Spicy Fruit Loaf
A slice of this goes down very well with a cup of tea when you feel that little slump in the afternoon. It’s really easy to make and you can use whatever combination of dried fruit you want – I do like to whack some cherries in there. This loaf smells amazing as it comes out of the oven, but hold off if you possibly can as it’s even better if it’s kept for a couple of days to mature. Just saying.

Spicy Fruit Loaf | 📸 Andrew Hayes-Watkins
Info
PT2H- Serves
- 4
- Prep time
- A good several hours with overnight soaking
- Cooking time
- 60–75 minutes
Tags
Ingredients
Makes 1 loaf
- 150g sultanas or raisins
- 100g currants
- 100g glacé cherries, halved
- 50g prunes, roughly chopped
- 350ml hot strong tea
- 2 balls of stem ginger, finely chopped (optional)
- 100g light brown soft sugar
- 2 eggs, beaten
- 300g wholemeal or white self-raising flour
- 2 tsp mixed spice
- pinch of salt
Method
Put all the dried fruit into a large bowl and pour over the tea – there should be enough to completely submerge the fruit. Cover and leave to soak for several hours, or preferably overnight.
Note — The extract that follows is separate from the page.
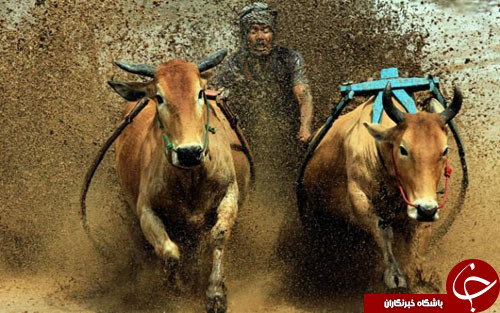 از حرکات نمایشی دارنده مدال طلای ژیمناستیک المپیک تا تفریح با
The fruit will swell up and the liquid will have thickened to a syrup.
When you are ready to bake the loaf, preheat the oven to 160°C/Fan 140°C/Gas 3 and line a large (900g) loaf tin with baking paper.
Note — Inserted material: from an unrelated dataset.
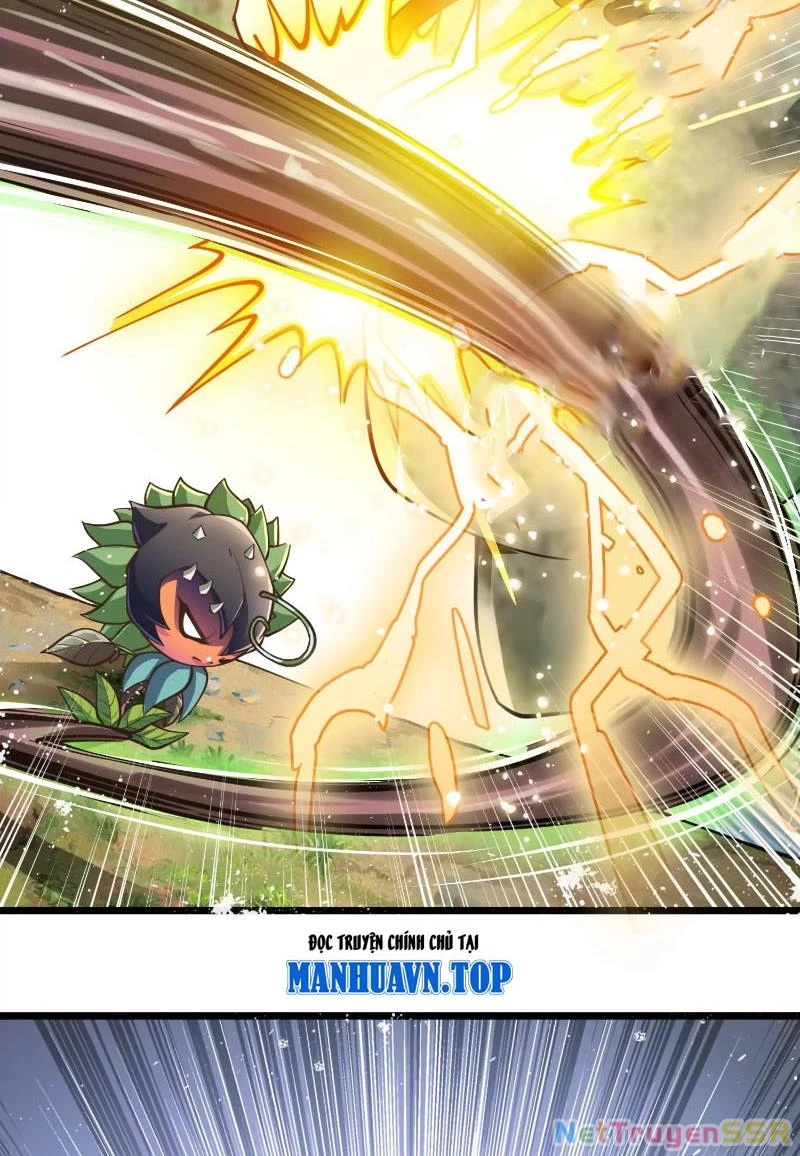 Thôn phệ đi, đại chùy hoa Chapter 2 - Trang 2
Stir the stem ginger, if using, into the fruit, followed by the sugar and the eggs. Sprinkle over the flour with the spice and a good pinch of salt, then stir everything together – the mixture should have a slow dropping consistency.
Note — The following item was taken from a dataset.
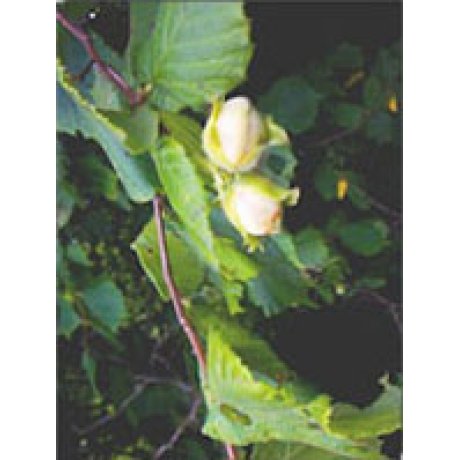 MSA CORYLUS AVELLANA 50ML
Pour the mixture into the prepared tin and bake for 60–75 minutes. Start checking after an hour – the loaf should have shrunk away from the sides and be firm but springy when you press it. Leave it to cool in the tin.
Remove the loaf from the tin once cool, wrap it in foil and leave it for a day or so before eating it, if possible. The top will become slightly glossy and sticky in that time. This keeps well in an airtight container for up to 2 weeks.